Ich meinerseite würde auf mehr (ehrenamtliche) Erwachsene setzen, die da sind, um Ansprechparter und Anstößer für die Kids und ein Gegenüber zu sein, das sie annimmt. Auf einen Grundstock an (später änderbaren) Regeln, damit Orientierung da ist. Auf eine sehr vielfältige Umgebung in der Schule aus allen Bereichen des realen Lebens, auf eine Entschulung der Schule nach Hentig. Und noch mehr: Auf Angebote, Tipps und Tricks, wie man leichter etwas lernt, auf Lernturbos wie z.B. Sprachenlernen nach V.F. Birkenbihl und was weiß ich noch für Lernmethoden.

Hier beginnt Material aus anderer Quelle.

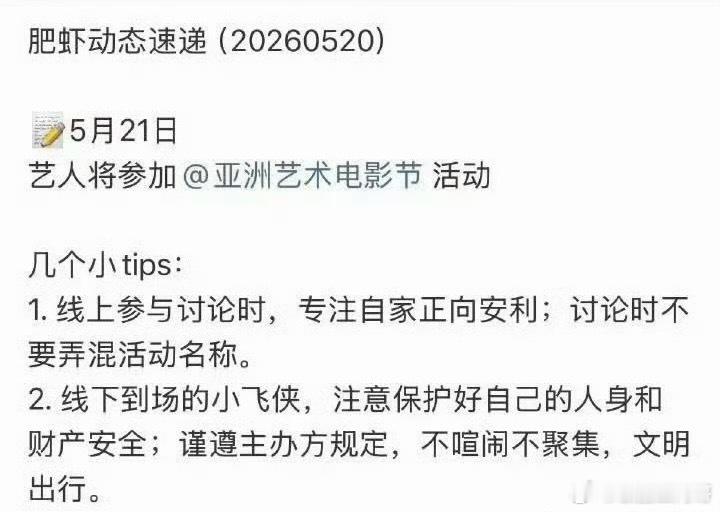 肖战有行程通知啦～在正确引导粉丝诶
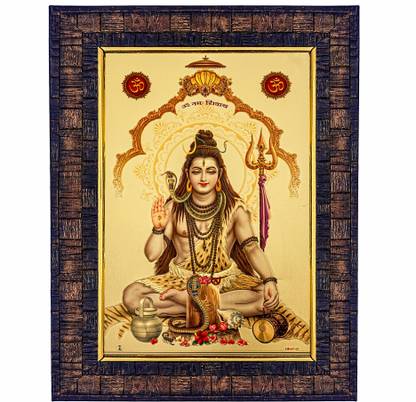 HAWAI Lord Shiva 24k Gold Plated Foil Photo Frame for Décor and Worship Use Religious Frame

Auf Angebote zur persönlichen Zeit- und Lernplanung, auf Lernzielvereinbarungen, auf Kompetenzbeschreibungen und Bestätigungen, dass diese Kompetenzen erreicht worden sind. Allles natürlich nur Angebote und alles freiwillig. Mit weniger kann ich mir einen Erfolg gar nicht vorstellen. Aber natürlich würden wir hier eine Tendez vorgeben. Die Kids würden wissen, wo es bei uns lang geht und was wir erwarten.
Nur: Jeder aus der Freien Unterrichtspraxis oder den demokratischen Schulen, mit dem ich darüber rede, tut sich schwer damit. Wenn ich aber genauer hinschaue, dann wird doch im Schulealltag etwas getan, gelenkt oder geschoben.
Wenn wir an unserer Schule auch in der Sekundarstufe den OU nach Peschel als unseren Rahmen nehmen, was denkst Du, würde für die geschilderte Situation hineinpassen?